1. Read **-I** [=*4G*] reference bases, extract (**-k**,**-w**)-minimizers and
index them in a hash table.
2. Read **-K** [=*200M*] query bases. For each query sequence, do step 3
through 7:
3. For each (**-k**,**-w**)-minimizer on the query, check against the reference
index. If a reference minimizer is not among the top **-f** [=*2e-4*] most
frequent, collect its the occurrences in the reference, which are called
*seeds*.
4. Sort seeds by position in the reference.

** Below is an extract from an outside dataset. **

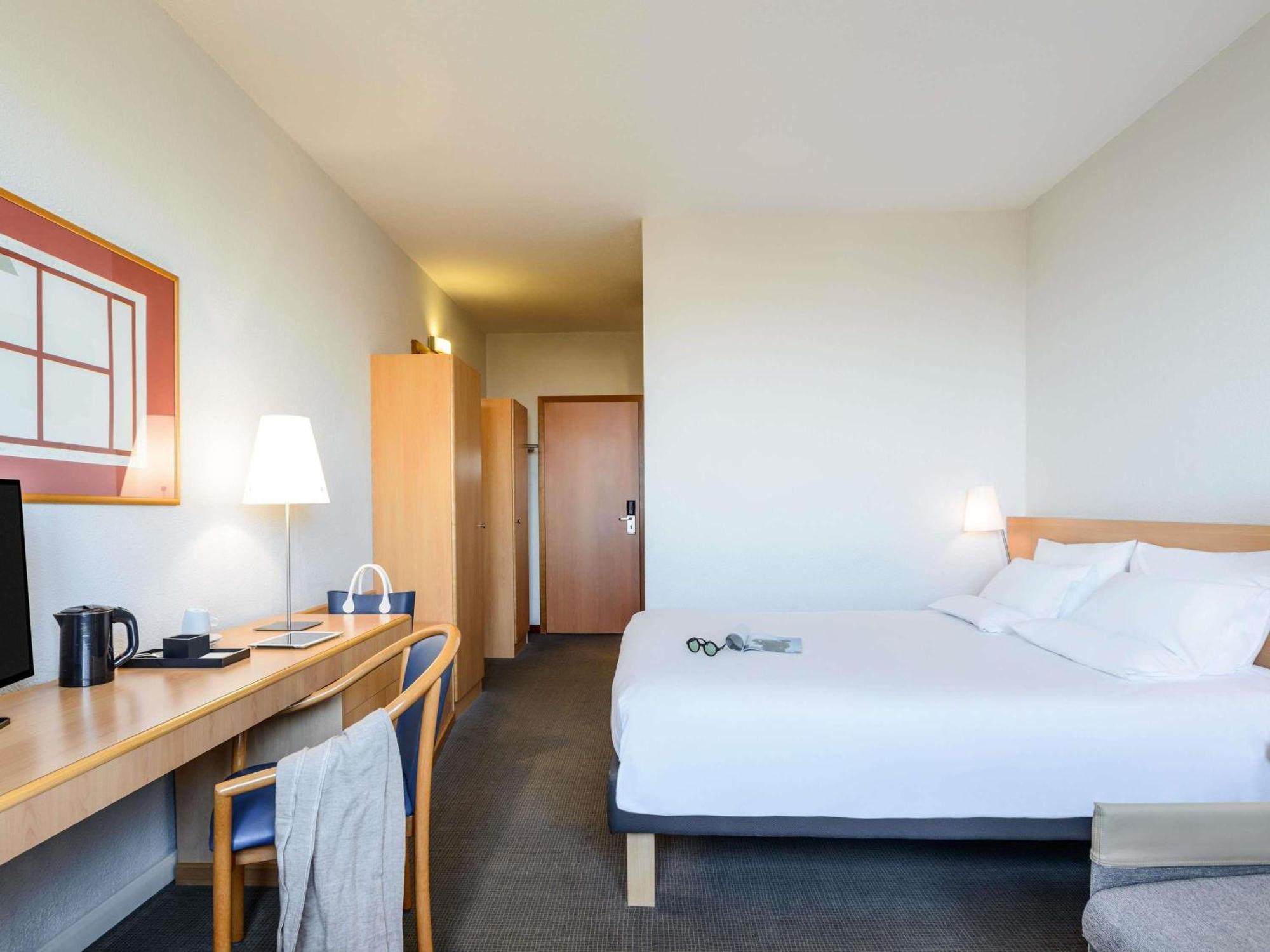 Novotel Torino Corso Giulio Cesare מראה חיצוני תמונה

Chain them with dynamic
programming. Each chain represents a potential mapping. For read
overlapping, report all chains and then go to step 8. For reference mapping,
do step 5 through 7:
5. Let *P* be the set of primary mappings, which is an empty set initially. For
each chain from the best to the worst according to their chaining scores: if
on the query, the chain overlaps with a chain in *P* by **--mask-level**
[=*0.5*] or higher fraction of the shorter chain, mark the chain as
*secondary* to the chain in *P*; otherwise, add the chain to *P*.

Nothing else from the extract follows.